§ **Assignment**: Write out everything in the records exactly, apart from the pictures.

(Beginning of Records for processing)

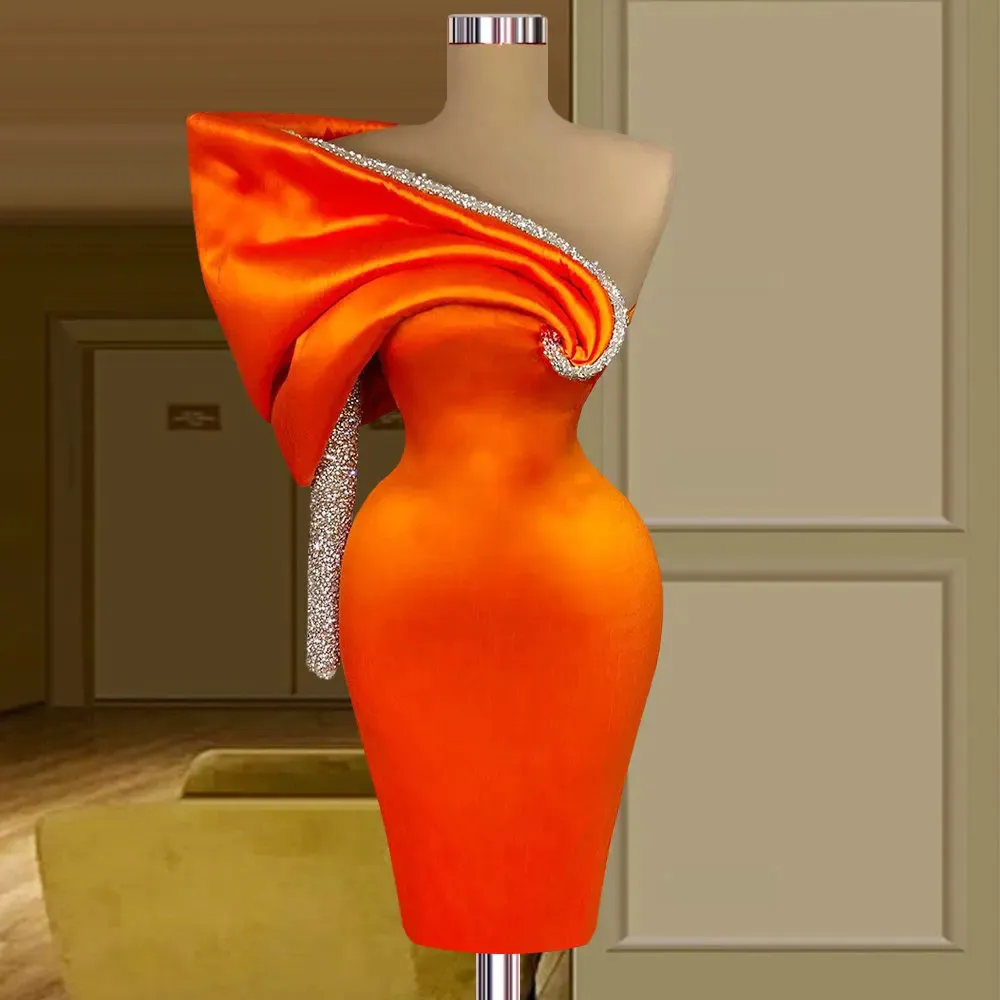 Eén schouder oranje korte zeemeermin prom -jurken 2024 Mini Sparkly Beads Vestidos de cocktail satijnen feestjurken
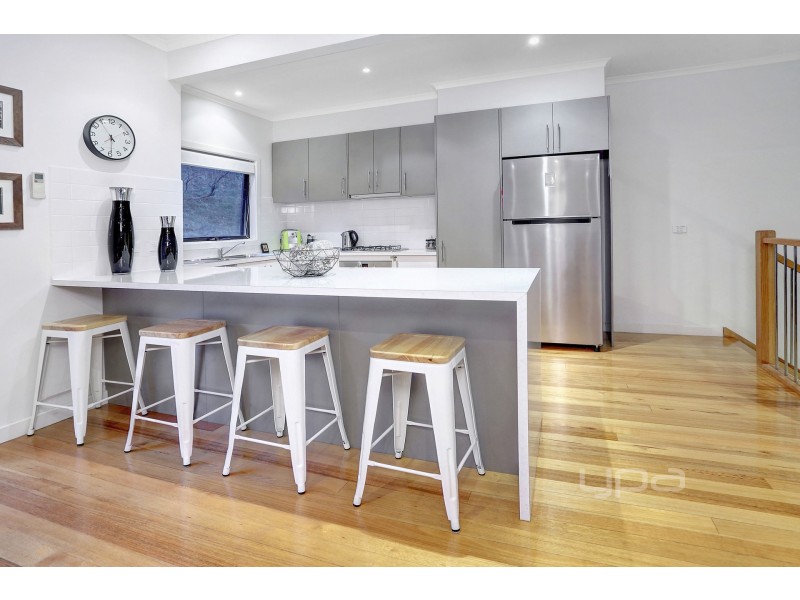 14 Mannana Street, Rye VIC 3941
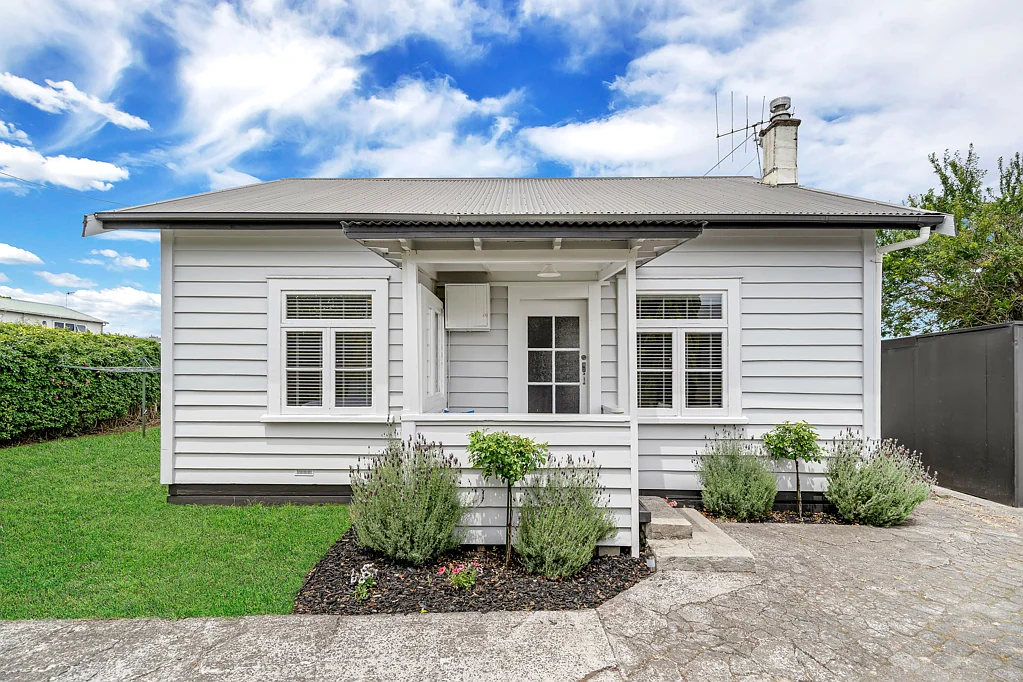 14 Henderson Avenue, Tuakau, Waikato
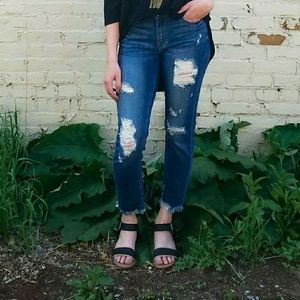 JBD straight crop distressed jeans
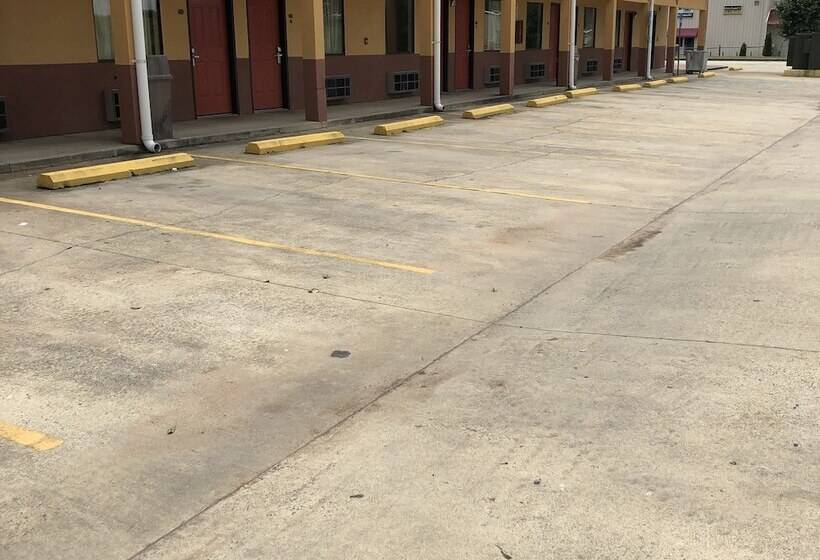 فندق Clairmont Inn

(End of Records for processing)

§ **Your solution**:
 Eén schouder oranje korte zeemeermin prom -jurken 2024 Mini Sparkly Beads Vestidos de cocktail satijnen feestjurken
 14 Mannana Street, Rye VIC 3941
 14 Henderson Avenue, Tuakau, Waikato
 JBD straight crop distressed jeans
 فندق Clairmont Inn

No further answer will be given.